# Cheap Grinder dedicated for Depth Gauges?



## JD Guy (Nov 15, 2022)

I am fairly new to my Oregon 520-120 and liking very much how I can bring back chains easily and properly from the unexpected “prizes” found in some trees.

There are a lot of $20 Chicago Electric ((Harbor Freight?) used grinders for sale on Fake Book Marketplace that look like brand new. I am curious if one of these would be OK to dedicate to depth gauges so as to not need to change the wheel and my set up on the Oregon 520? As it is now I check the rakers after the chains are back on the saws.

Thanks!


----------



## blades (Nov 16, 2022)

For years I did depth gauges that way. trick is to have a grinder that can be adjusted so that the axis of the wheel can be centered on the chain. other wise if you do not do each side seperately one will be higher than the other in most cases. Not all grinders have the fore / aft adj of the vise ( your 520 does)
Awhile back I went with a unit specifically designed for depth gauge adj. ( not cheap). It saves me large amount of time, but I sharpen chains commercially. time vs cost paid for itself in a couple months.


----------



## Sawdust Man (Nov 16, 2022)

JD Guy said:


> I am fairly new to my Oregon 520-120 and liking very much how I can bring back chains easily and properly from the unexpected “prizes” found in some trees.
> 
> There are a lot of $20 Chicago Electric ((Harbor Freight?) used grinders for sale on Fake Book Marketplace that look like brand new. I am curious if one of these would be OK to dedicate to depth gauges so as to not need to change the wheel and my set up on the Oregon 520? As it is now I check the rakers after the chains are back on the saws.
> 
> Thanks!


That's what I recently did..... went to horror freight and bought a new one for $40 or whatever they are.
Seems to work fine, and definitely saves time.
Of course it ain't no fine piece of machinery on anything, but it works.


----------



## JD Guy (Nov 16, 2022)

I appreciate the replies y’all . i am only grinding chains for myself and two sons so maybe adding another tool really isn’t necessary but it sure seems like one of those “el cheapo“ grinders would be simple to setup for depth gauges. Good point @blades, I didn’t consider that.

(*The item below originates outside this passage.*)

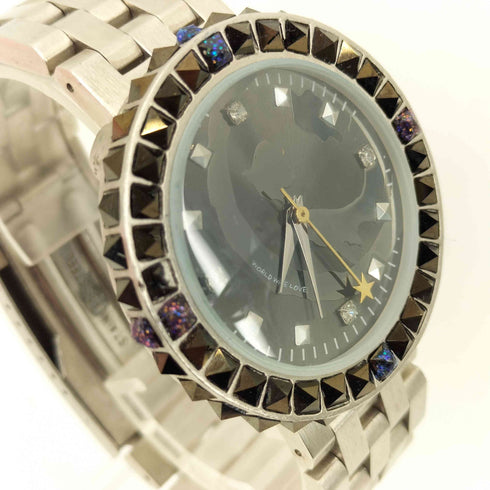 ワールドワイドラブ WORLD WIDE LOVE Y2K スタッズ ストーン クオーツ 腕時計 メンズ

I have been giving the sons chains back to them with the instructions to check the depth gauges before using the chain.


----------



## flh69 (Dec 24, 2022)

Sawdust Man said:


> That's what I recently did..... went to horror freight and bought a new one for $40 or whatever they are.
> Seems to work fine, and definitely saves time.
> Of course it ain't no fine piece of machinery on anything, but it works.

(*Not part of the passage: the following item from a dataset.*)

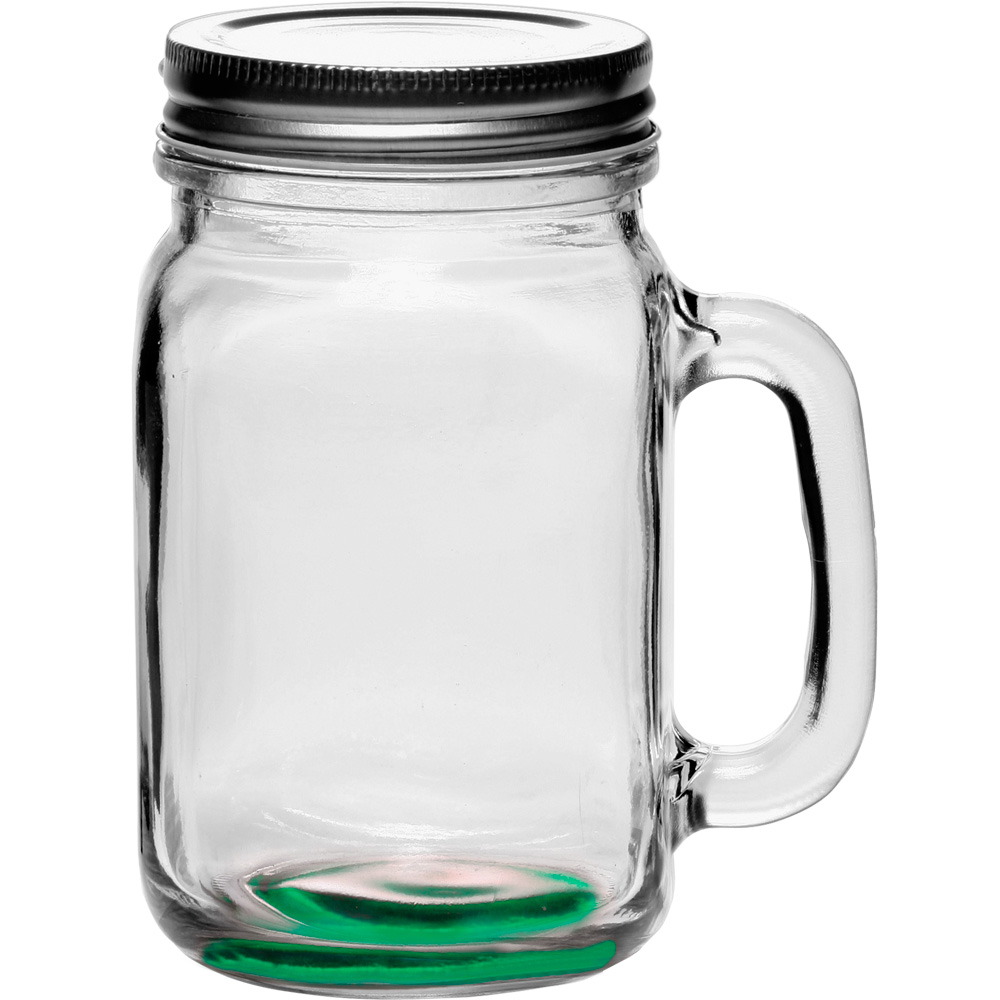 16 oz. Libbey Handle Mason Jars with Lids 3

Do you use the HF grinder to do rakers? If so is it adjustable that you can have the center of the wheel over the raker?


----------



## Sawdust Man (Dec 24, 2022)

flh69 said:


> Do you use the HF grinder to do rakers? If so is it adjustable that you can have the center of the wheel over the raker?


Yes, that's all we use it for.
It's pretty close to centered, but not adjustable.......so it is what it is.


----------